Data segment »
+ + + +

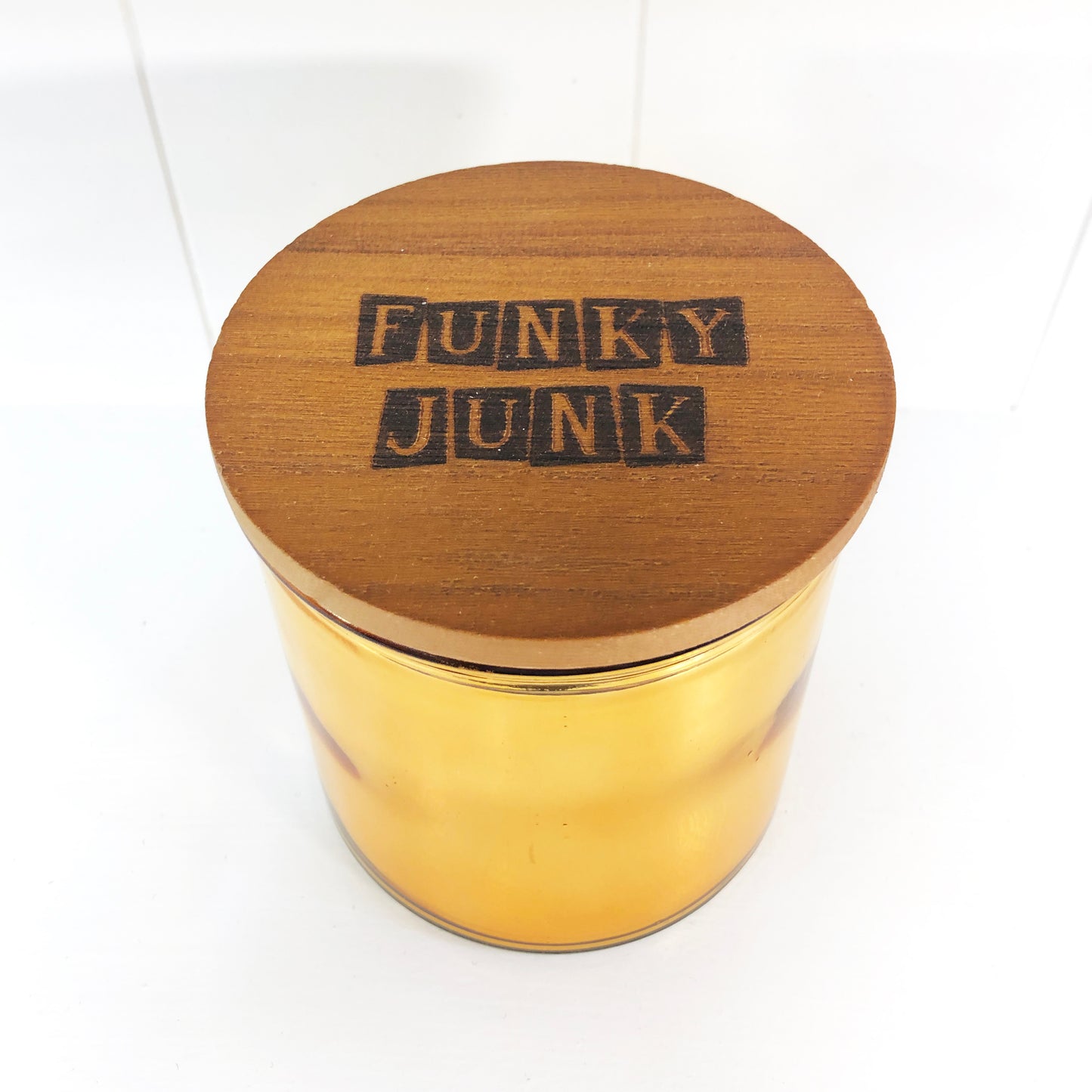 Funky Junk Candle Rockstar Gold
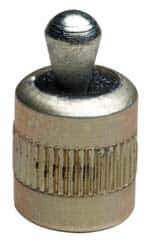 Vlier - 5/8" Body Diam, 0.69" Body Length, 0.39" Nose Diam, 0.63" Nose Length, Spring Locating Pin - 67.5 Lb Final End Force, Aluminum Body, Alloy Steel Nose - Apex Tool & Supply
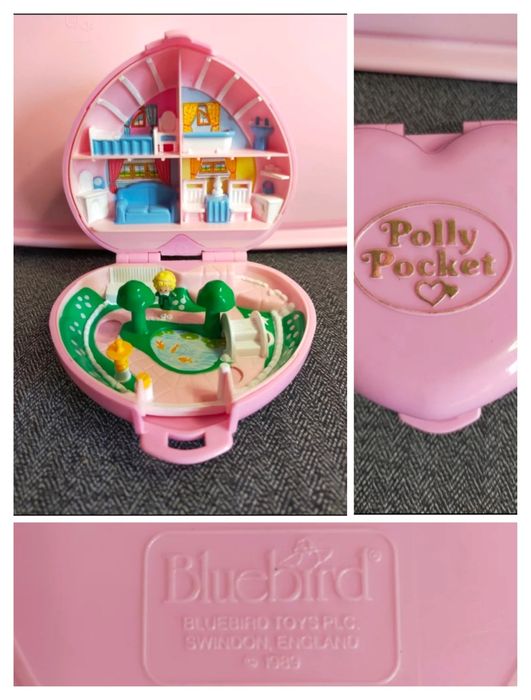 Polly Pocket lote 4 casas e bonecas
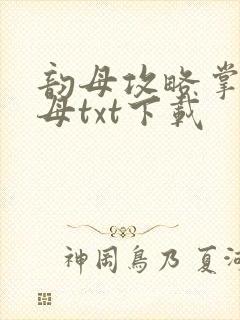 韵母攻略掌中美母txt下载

+ + + +

Task instructions » Retype the data in full. Images do not go in the copy.

Answer to this exercise »
 Funky Junk Candle Rockstar Gold
 Vlier - 5/8" Body Diam, 0.69" Body Length, 0.39" Nose Diam, 0.63" Nose Length, Spring Locating Pin - 67.5 Lb Final End Force, Aluminum Body, Alloy Steel Nose - Apex Tool & Supply
 Polly Pocket lote 4 casas e bonecas
 韵母攻略掌中美母txt下载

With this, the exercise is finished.